● **What is required**: Return the entries exactly. Images are not part of the copy.

======== Supplied records ========

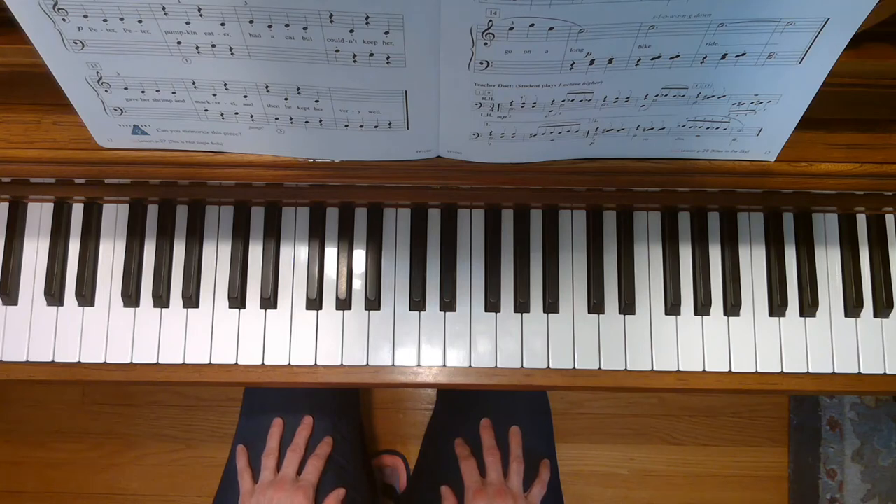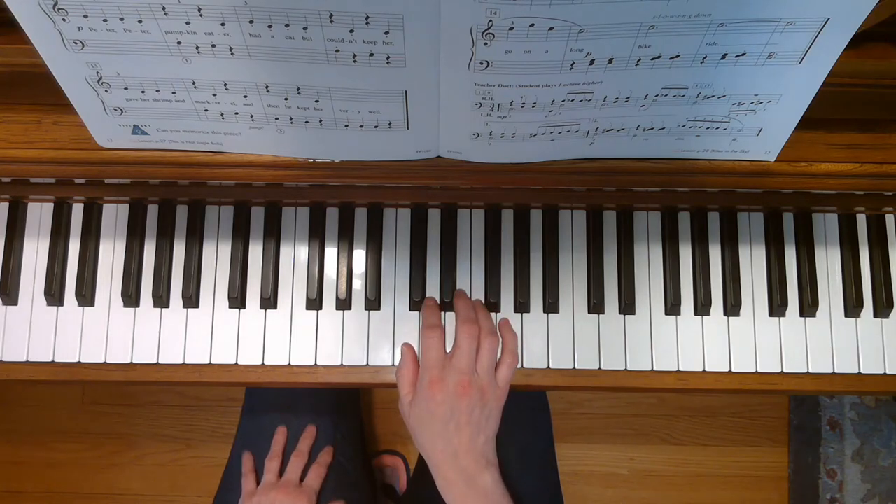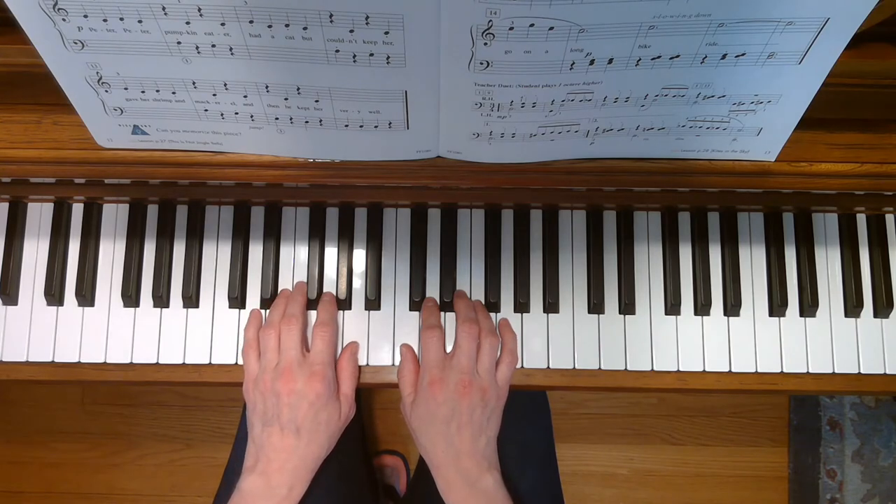This is Peter Peter. To play this song, place your right thumb on middle C and your left thumb on the A below middle C.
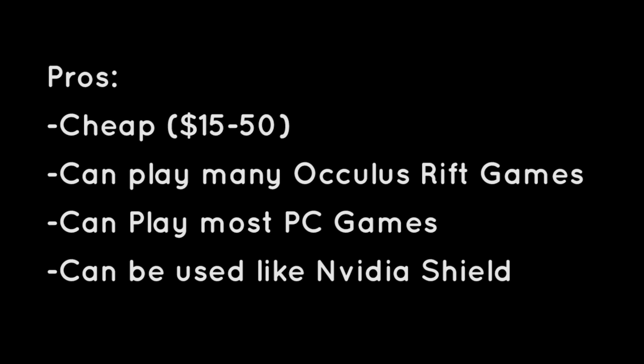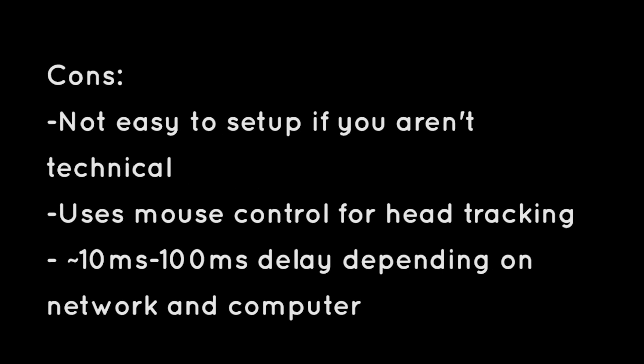Other benefits: you can play most Oculus Rift games — if it allows mouse control, you can play it. Additionally, you can play most standard PC games in 3D on the virtual reality headset. That means you can play Portal 2, Skyrim, Tribes, Halo 1, Minecraft, all sorts of stuff. It can also be used like the Nvidia Shield, where you're streaming from a different room, playing with an Xbox controller and your head-mounted display away from your computer and still getting a great gaming experience.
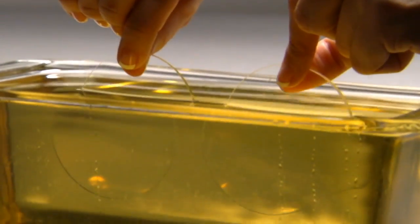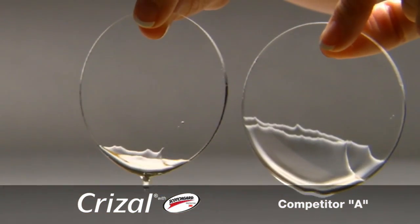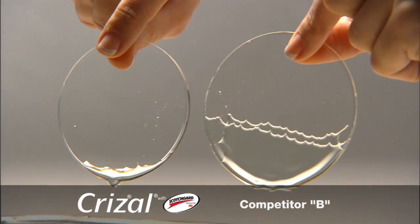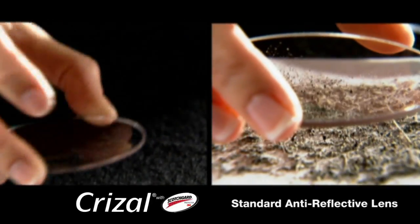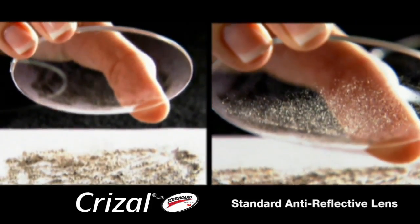As demonstrated with this oil dip test, Chrysal lenses with Scotchgard Protector have a slippery topcoat, which makes them easy to clean. Watch how quickly the oil runs off the Chrysal lens with Scotchgard Protector compared to competitive lenses. Watch how a Chrysal lens with Scotchgard Protector does not attract dust or lint due to its unique anti-static properties.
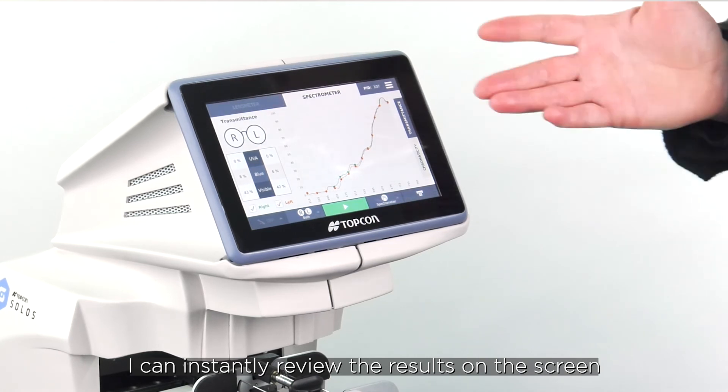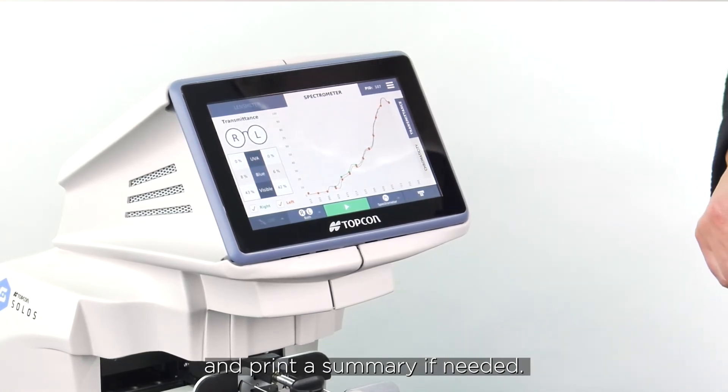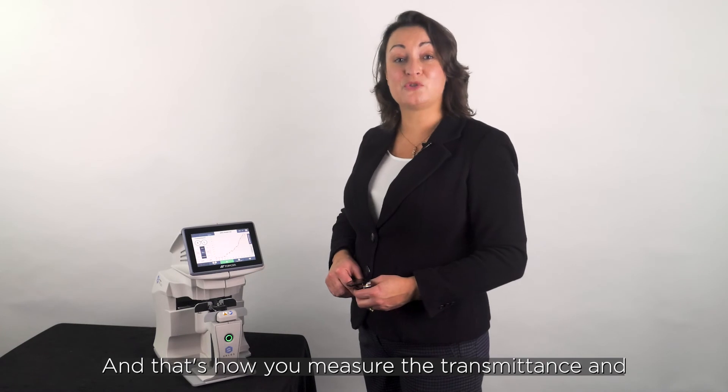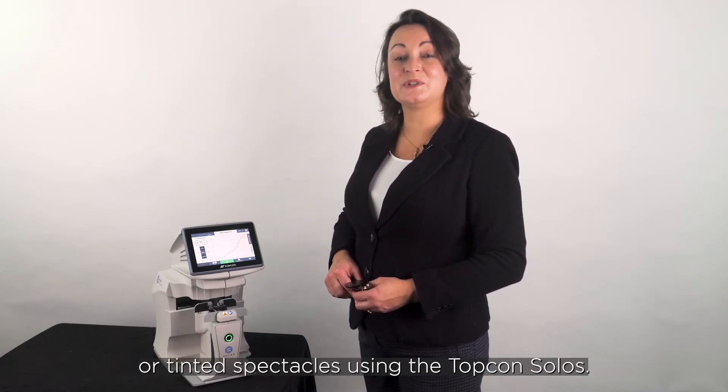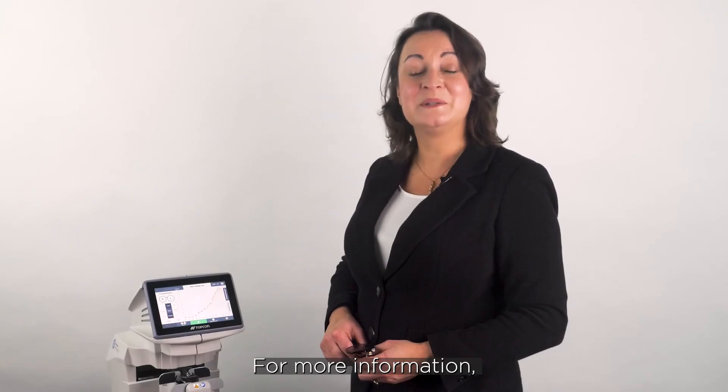I can instantly review the results on the screen and print a summary if needed. And that's how you measure the transmittance and color of a pair of sunglasses or tinted spectacles using the Topcon Solos. For more information please check out Topcon Healthcare University.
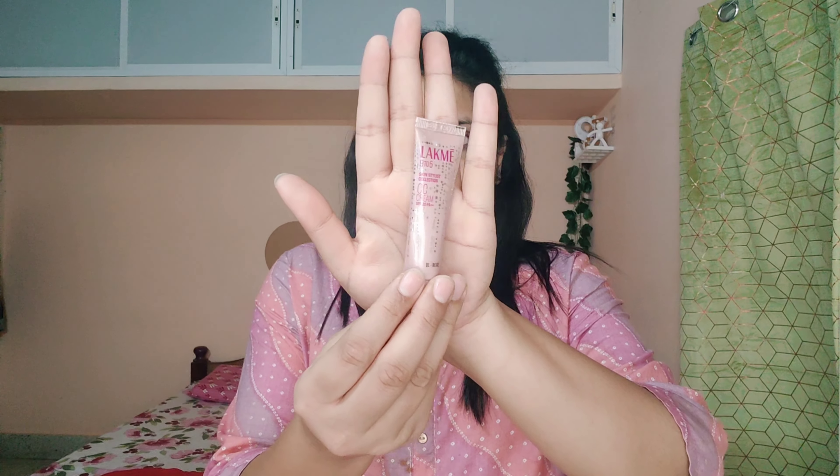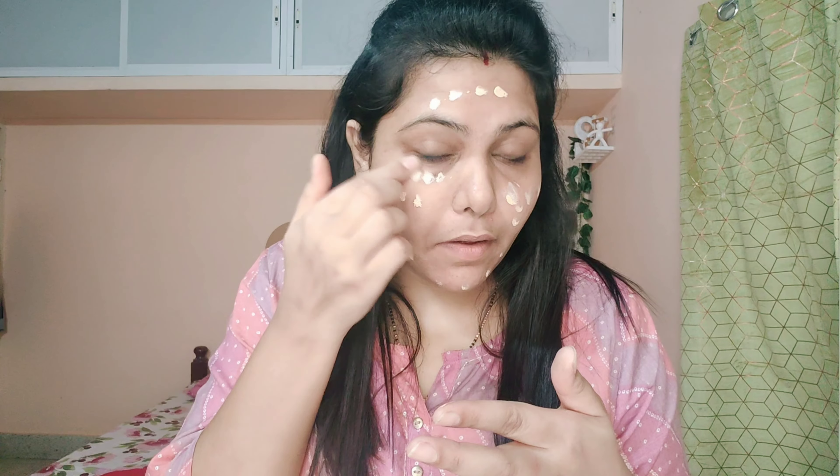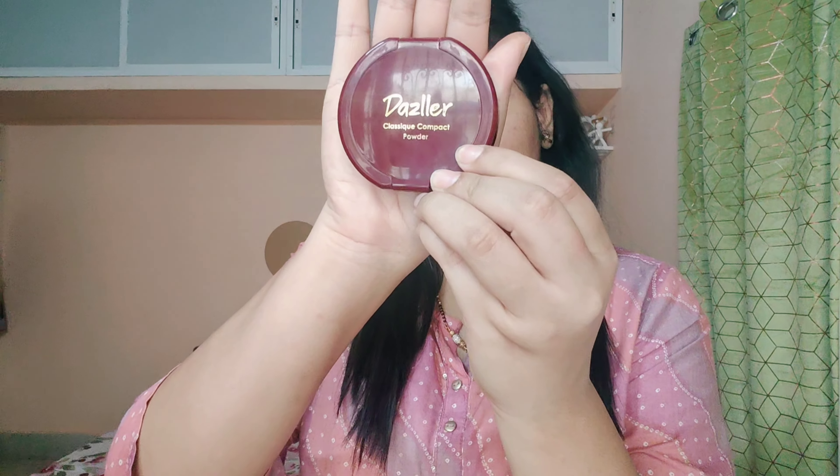The next product is Lakme CC cream. I don't use any foundation or concealer here. It gives a very instant glow — as you can see, the difference on my hand. There is also a sunscreen in it, so you don't have to add an additional sunscreen, but in case you want, you can apply sunscreen also. Once the blending is done, my face is looking very even and clear — you can still see dark circles, spots, and everything, which is okay for a no-makeup makeup look.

========

● **Result of this exercise**:
This is Peter Peter. To play this song, place your right thumb on middle C and your left thumb on the A below middle C.
Other benefits: you can play most Oculus Rift games — if it allows mouse control, you can play it. Additionally, you can play most standard PC games in 3D on the virtual reality headset. That means you can play Portal 2, Skyrim, Tribes, Halo 1, Minecraft, all sorts of stuff. It can also be used like the Nvidia Shield, where you're streaming from a different room, playing with an Xbox controller and your head-mounted display away from your computer and still getting a great gaming experience.
As demonstrated with this oil dip test, Chrysal lenses with Scotchgard Protector have a slippery topcoat, which makes them easy to clean. Watch how quickly the oil runs off the Chrysal lens with Scotchgard Protector compared to competitive lenses. Watch how a Chrysal lens with Scotchgard Protector does not attract dust or lint due to its unique anti-static properties.
I can instantly review the results on the screen and print a summary if needed. And that's how you measure the transmittance and color of a pair of sunglasses or tinted spectacles using the Topcon Solos. For more information please check out Topcon Healthcare University.
The next product is Lakme CC cream. I don't use any foundation or concealer here. It gives a very instant glow — as you can see, the difference on my hand. There is also a sunscreen in it, so you don't have to add an additional sunscreen, but in case you want, you can apply sunscreen also. Once the blending is done, my face is looking very even and clear — you can still see dark circles, spots, and everything, which is okay for a no-makeup makeup look.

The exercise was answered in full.